Discuss the Past, Current, & Future State of the Business Industry
Completing this section of the executive summary will require some research. I strongly suggest using industry research databases like First Research and IBISWorld to find factual, up-to-date information on hundreds of different business industries. Both First Research and IBISWorld industry reports will give you a detailed overview of the past and current success of a business industry as well as its prospects for future growth. An investor should have a clear understanding of how the industry has sustained itself in the past and how it will do so in the future after reading this section. I’ve included several screenshots from First Research and IBISWorld that identify industry revenue growth for a 5-year time period. The screenshots should give you a better idea of what information is needed in this section.
Identify Your Target Market & Marketing Strategy
Your target market should be described in detail in this section of the executive summary. Their age, location, educational attainment, occupation, income, hobbies, (or business industries, sales receipts and payroll if your company is B2B) should be identified. (Target market data can be found using the U.S. Census Bureau’s American FactFinder Tool). All marketing strategies and techniques that will be used should also be identified. Investors should know who you are selling your products or services to and if they can afford to buy them after reading this section. They should also know exactly how you are going to reach them and promote the company in a way that separates it from competitors. Here are examples of the types of marketing strategies you can outline in your executive summary:
- Word of Mouth Marketing
- Organic Search Engine Marketing
- Radio Advertising
- Bulk Mail Advertising
- Event Marketing
- Networking/Network Marketing
- Television Advertising
- Marketing via Chambers of Commerce or Business Associations
Provide the Estimated Sales, Revenue & Return on Investment
This is by far the most important part of the executive summary. After you have told the story of the business and how it will operate, you need to clearly explain how it much it will cost to run the business and how much money the business will make. An investor will want to know how big their return on investment will be. The past performance of the company (if applicable) along with the sales forecast, expenses, and gross revenue forecast should be outlined. This helps an investors understand how many the sales the company will make, how much money the company will spend to make those sales, and how much money the company will actually make from those sales. By the time they are done reading this section of the executive summary, they should have a complete understanding the company’s cash flow for (at least) the next 3 years and be able to determine if your business is a worthwhile investment.
An Executive Summary Should Be Less Than 10 Pages
Your executive summary should be less than 10 pages long. Some investors will ask for a one page executive summary. If you follow the guidelines outline in this blog, you will be able to fit all of the information investors want to know in a one page executive summary.

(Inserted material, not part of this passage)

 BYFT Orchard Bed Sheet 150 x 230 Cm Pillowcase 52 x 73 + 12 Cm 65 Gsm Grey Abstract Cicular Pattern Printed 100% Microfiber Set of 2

The exact number of pages of an executive summary depends on who you are presenting it to but keeping it under 10 pages will make it easy to edit when presenting it to different people (or investors).

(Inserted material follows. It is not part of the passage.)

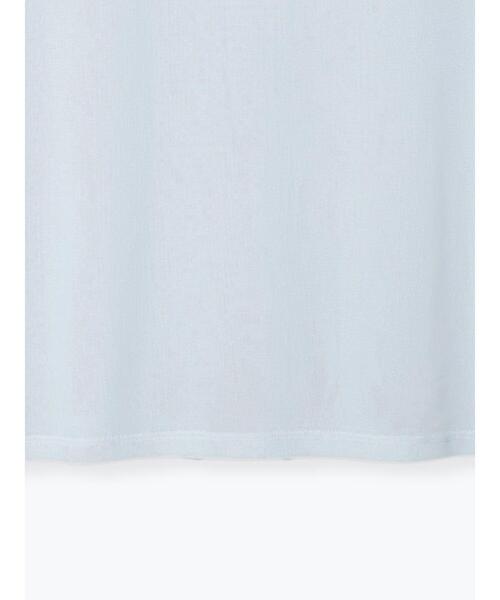 Te chichi TERRASSE(テチチテラス)の「◎シアーハーフスリーブトップス(Tシャツ/カットソー・レディース・ブラック/オフホワイト/グレー・F)」の15枚目の写真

An Executive Summary Can Be Turned Into a 3 Minute Pitch
A clear, concise executive summary can be turned into a 3 minute pitch. Some investors will want you to immediately pitch your business to them (verbally) before reading your executive summary. If you include all of the required information (as I have outlined here) in your executive summary, you will be able to use it to create a 3 minute pitch for investors. A good pitch should cover the who, what, why, where, when, and results of your business. (The exact same information covered in an executive summary). By the end of the 3 minute pitch, investors should know what products or services you sell (and to whom), how much you’ve profited from the business so far and how much you (and the investors) will profit from the business in the future.